--- START ---

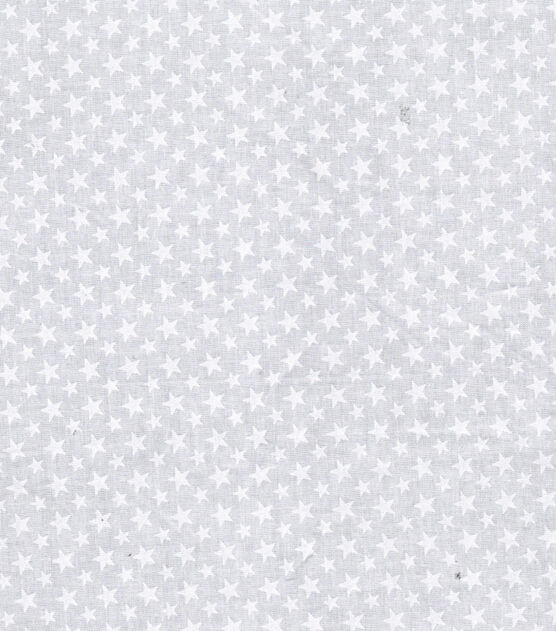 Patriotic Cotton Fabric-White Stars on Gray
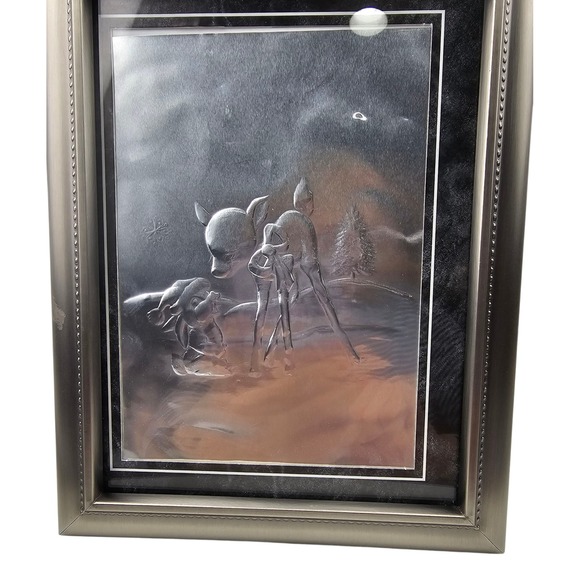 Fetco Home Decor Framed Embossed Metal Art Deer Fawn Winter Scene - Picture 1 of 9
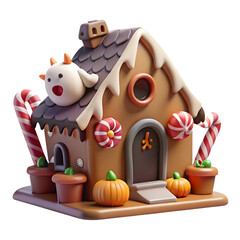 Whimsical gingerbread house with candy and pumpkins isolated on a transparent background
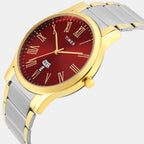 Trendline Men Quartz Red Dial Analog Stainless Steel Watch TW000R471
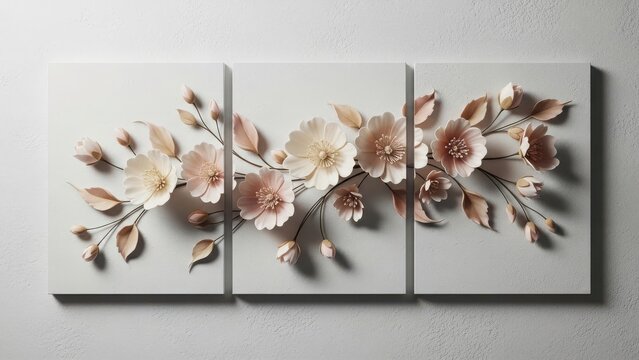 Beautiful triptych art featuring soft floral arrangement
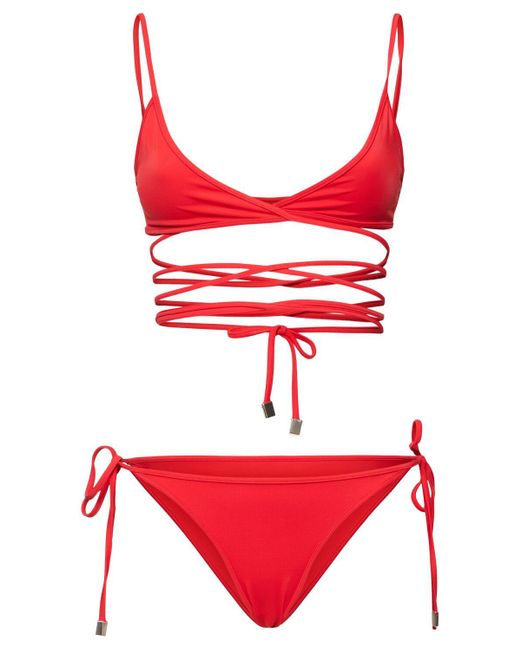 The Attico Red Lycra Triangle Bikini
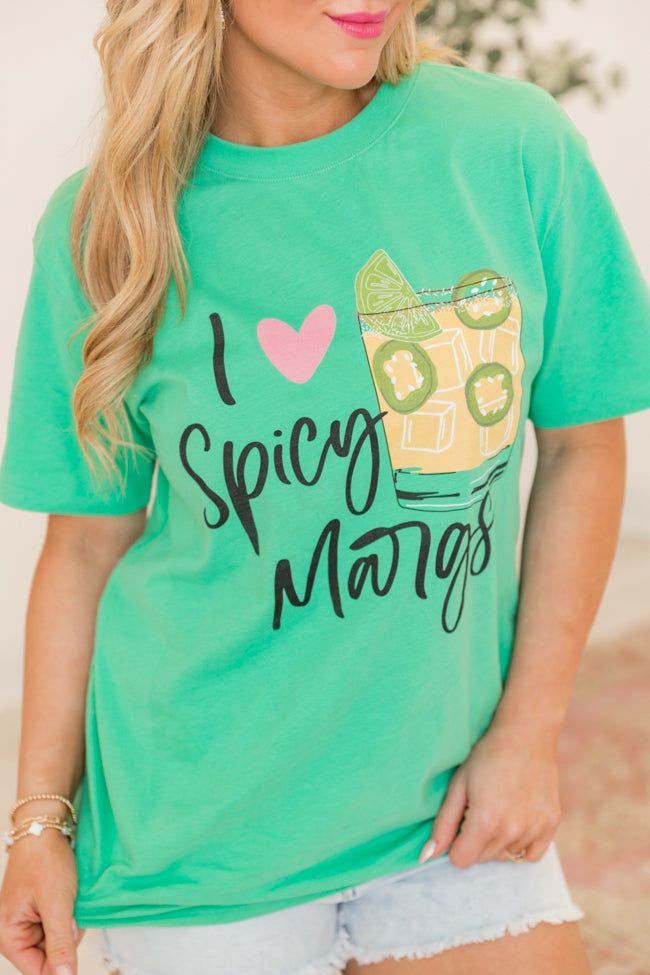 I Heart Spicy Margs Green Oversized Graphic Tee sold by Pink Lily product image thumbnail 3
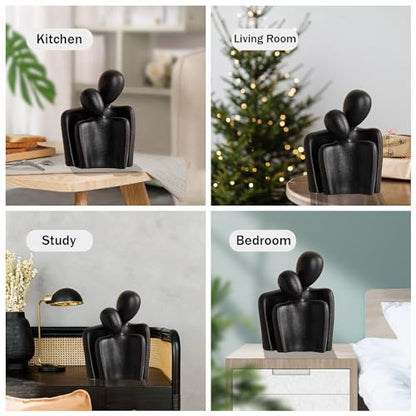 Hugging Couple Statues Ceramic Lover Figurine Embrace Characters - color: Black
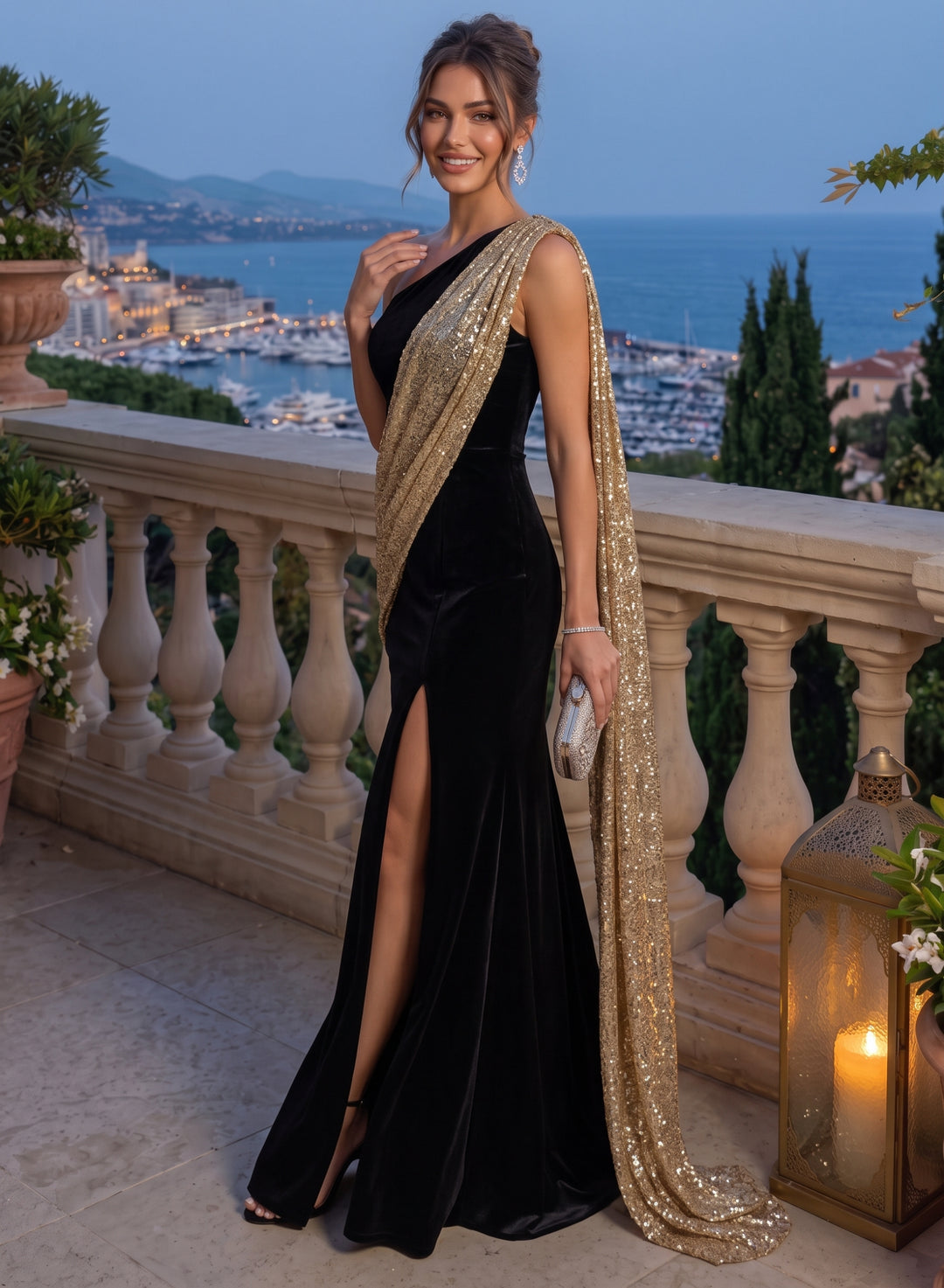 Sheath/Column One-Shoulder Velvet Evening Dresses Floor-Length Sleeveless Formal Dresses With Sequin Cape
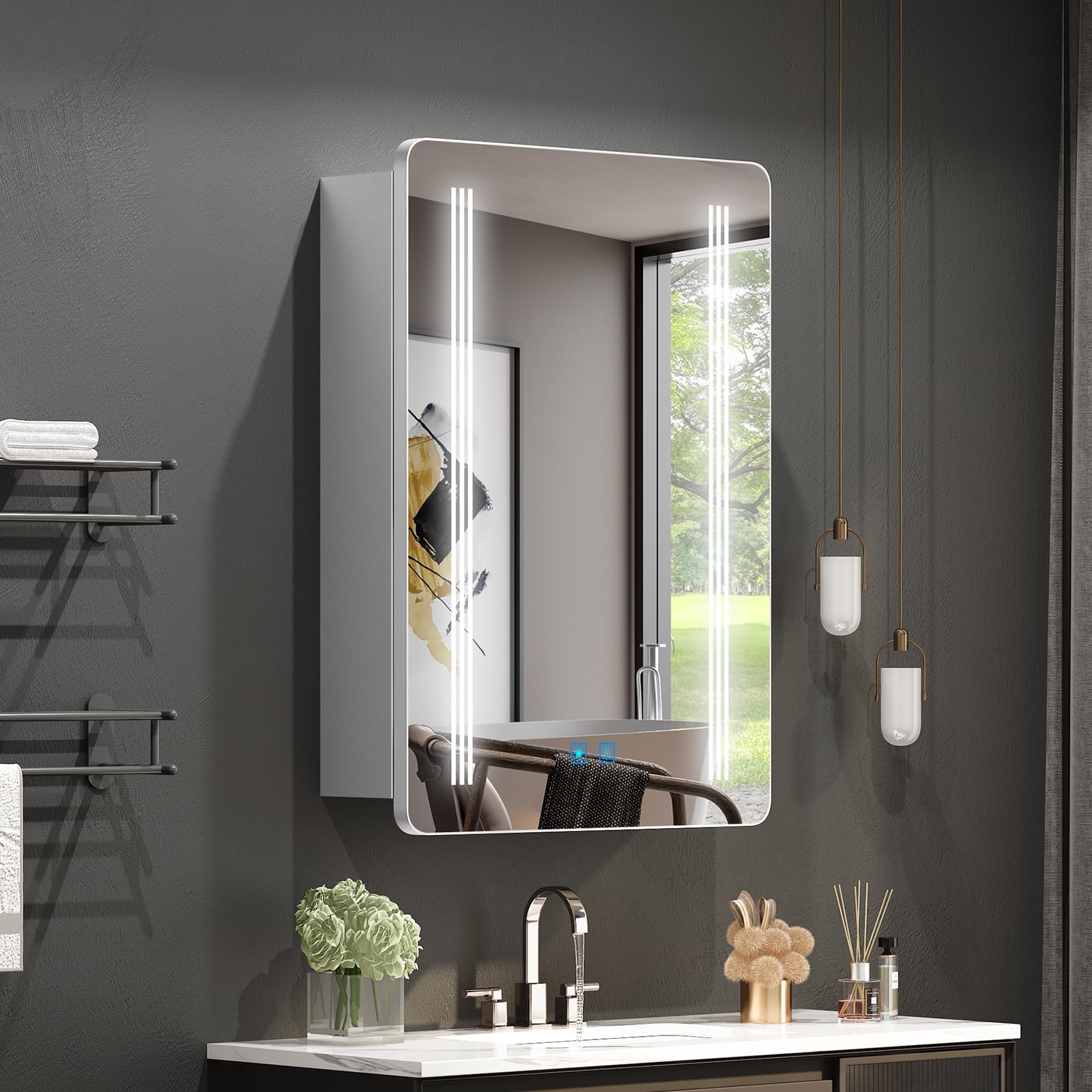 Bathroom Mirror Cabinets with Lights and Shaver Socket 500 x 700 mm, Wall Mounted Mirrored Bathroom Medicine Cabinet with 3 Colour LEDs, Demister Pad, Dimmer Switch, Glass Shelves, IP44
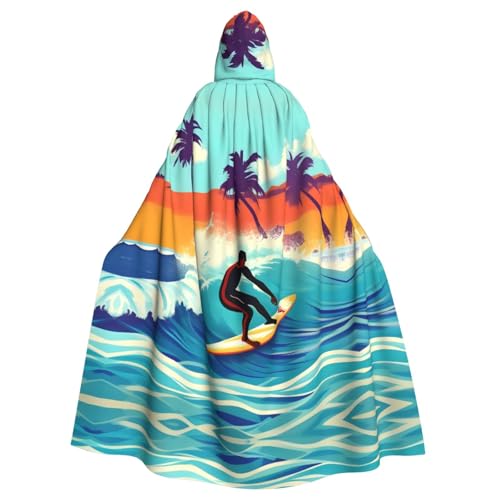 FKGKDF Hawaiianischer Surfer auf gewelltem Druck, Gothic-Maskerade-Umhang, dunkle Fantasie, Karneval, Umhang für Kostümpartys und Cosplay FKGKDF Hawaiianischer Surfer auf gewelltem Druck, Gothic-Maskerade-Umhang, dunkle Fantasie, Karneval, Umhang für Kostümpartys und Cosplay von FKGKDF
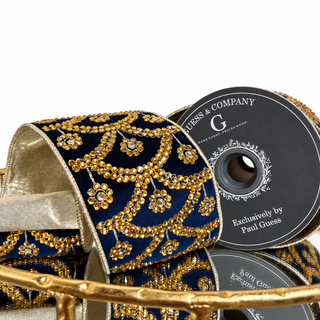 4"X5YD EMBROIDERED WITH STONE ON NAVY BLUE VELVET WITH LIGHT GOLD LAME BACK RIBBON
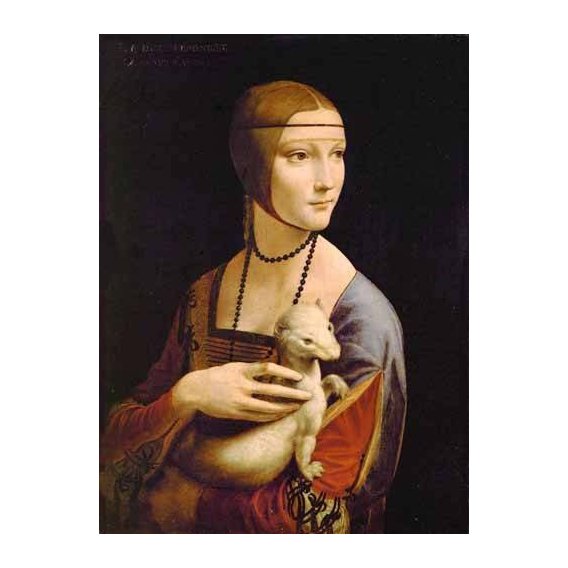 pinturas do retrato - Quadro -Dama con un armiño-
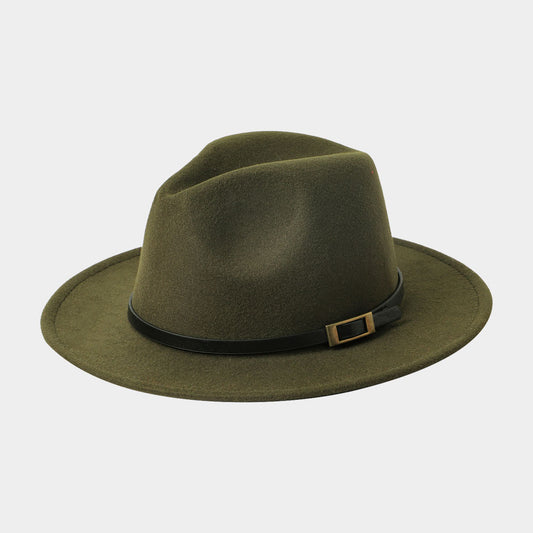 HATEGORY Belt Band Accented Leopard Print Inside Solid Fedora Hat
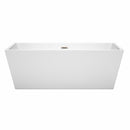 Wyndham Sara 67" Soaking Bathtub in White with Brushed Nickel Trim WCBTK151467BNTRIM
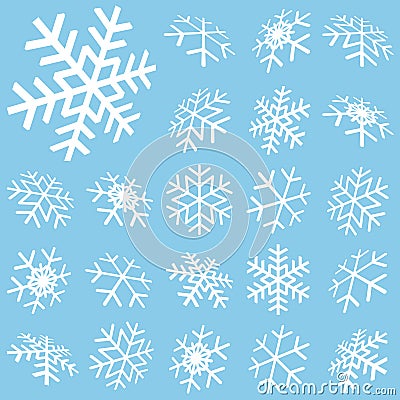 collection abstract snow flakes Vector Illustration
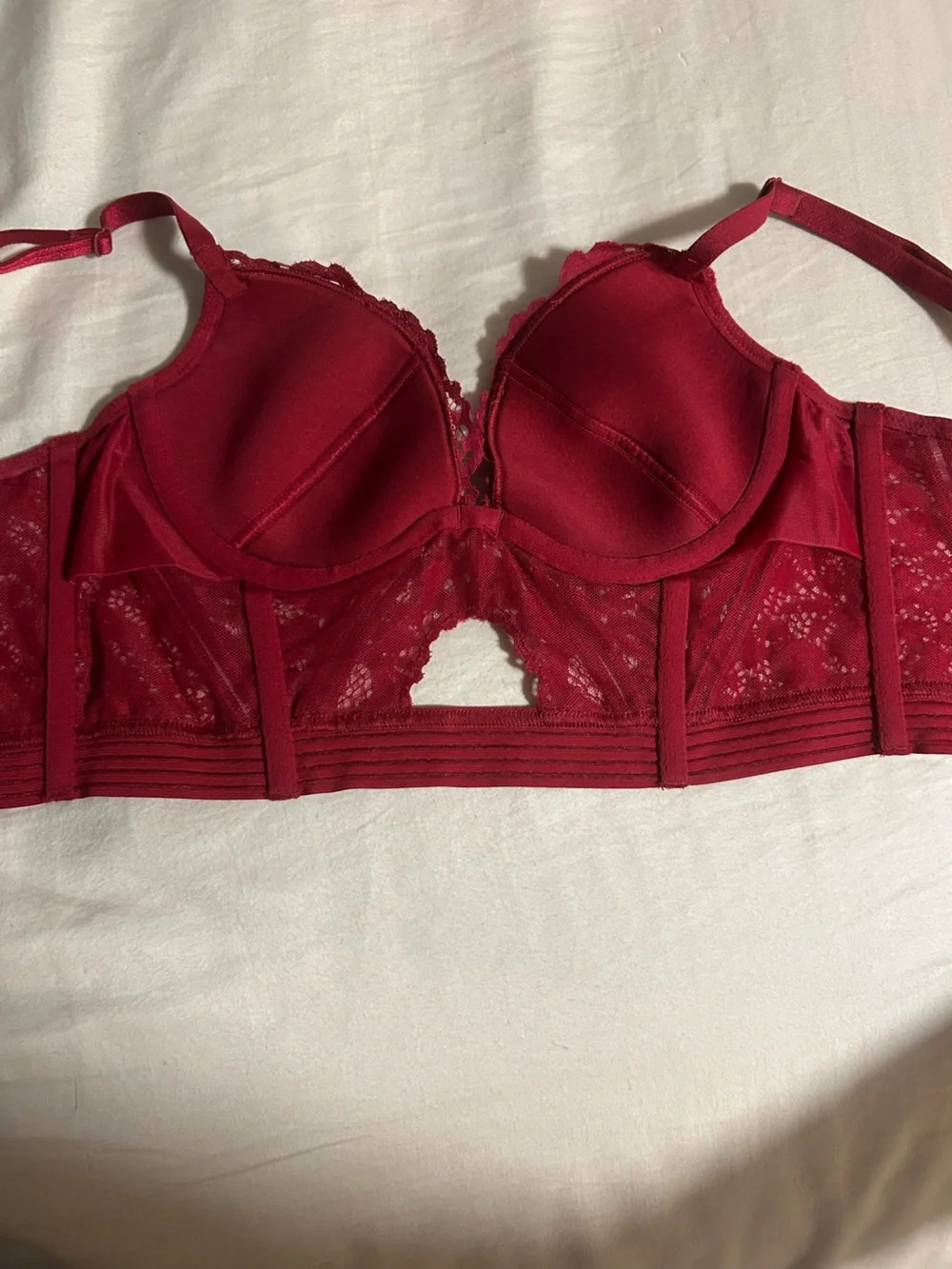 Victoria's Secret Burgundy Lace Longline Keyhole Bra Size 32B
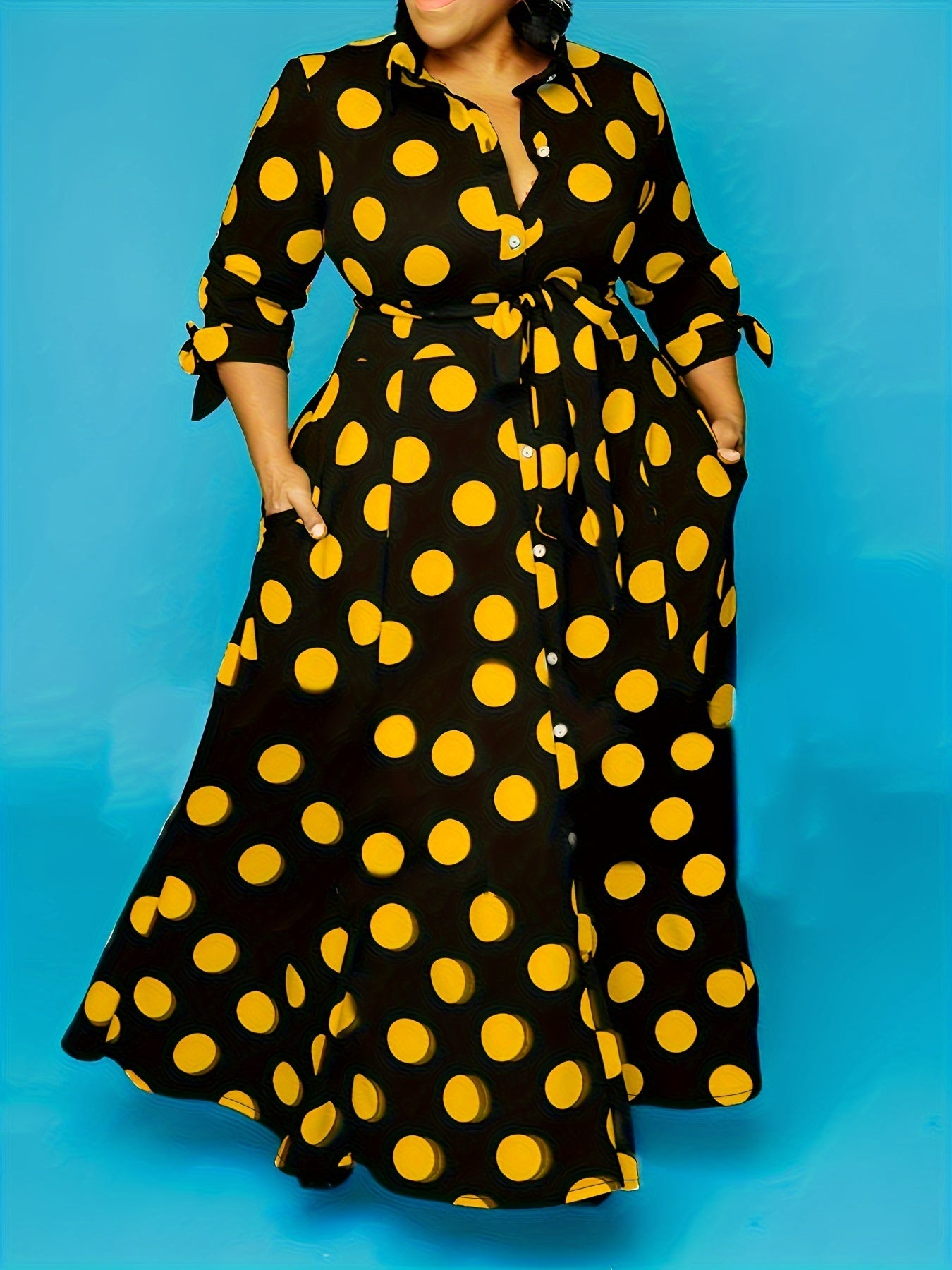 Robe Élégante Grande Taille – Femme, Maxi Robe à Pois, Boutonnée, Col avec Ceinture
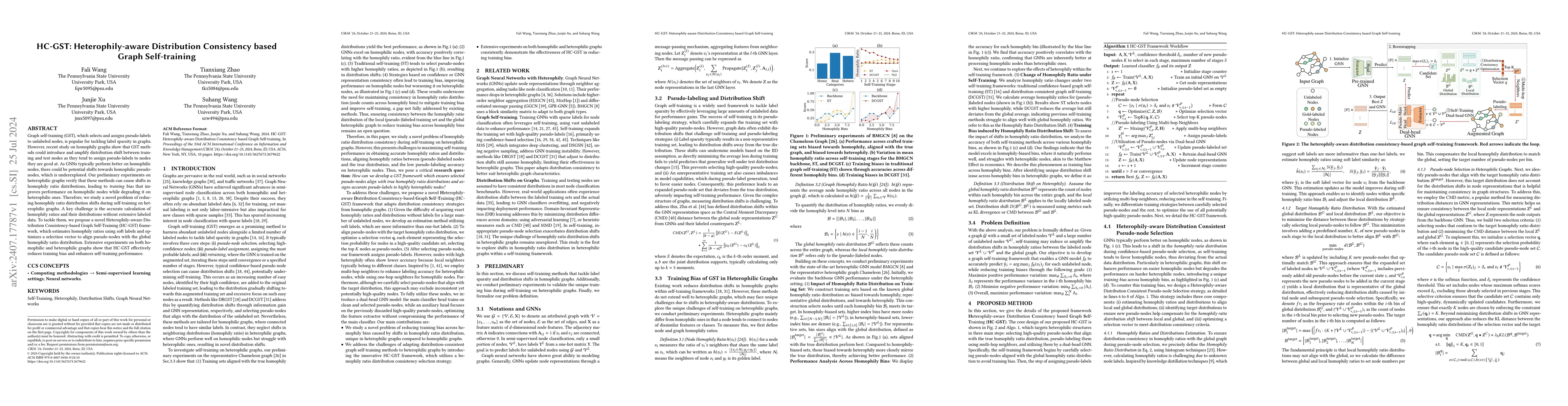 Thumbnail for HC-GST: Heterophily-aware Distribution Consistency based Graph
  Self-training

--- END ---

» Work order
Write out exactly, and nothing more than, the lines of the entries above from the line containing "pinturas do retrato" through the final line; omit any pictures.

» Output
 pinturas do retrato - Quadro -Dama con un armiño-
 HATEGORY Belt Band Accented Leopard Print Inside Solid Fedora Hat
 Wyndham Sara 67" Soaking Bathtub in White with Brushed Nickel Trim WCBTK151467BNTRIM
 collection abstract snow flakes Vector Illustration
 Victoria's Secret Burgundy Lace Longline Keyhole Bra Size 32B
 Robe Élégante Grande Taille – Femme, Maxi Robe à Pois, Boutonnée, Col avec Ceinture
 Thumbnail for HC-GST: Heterophily-aware Distribution Consistency based Graph
  Self-training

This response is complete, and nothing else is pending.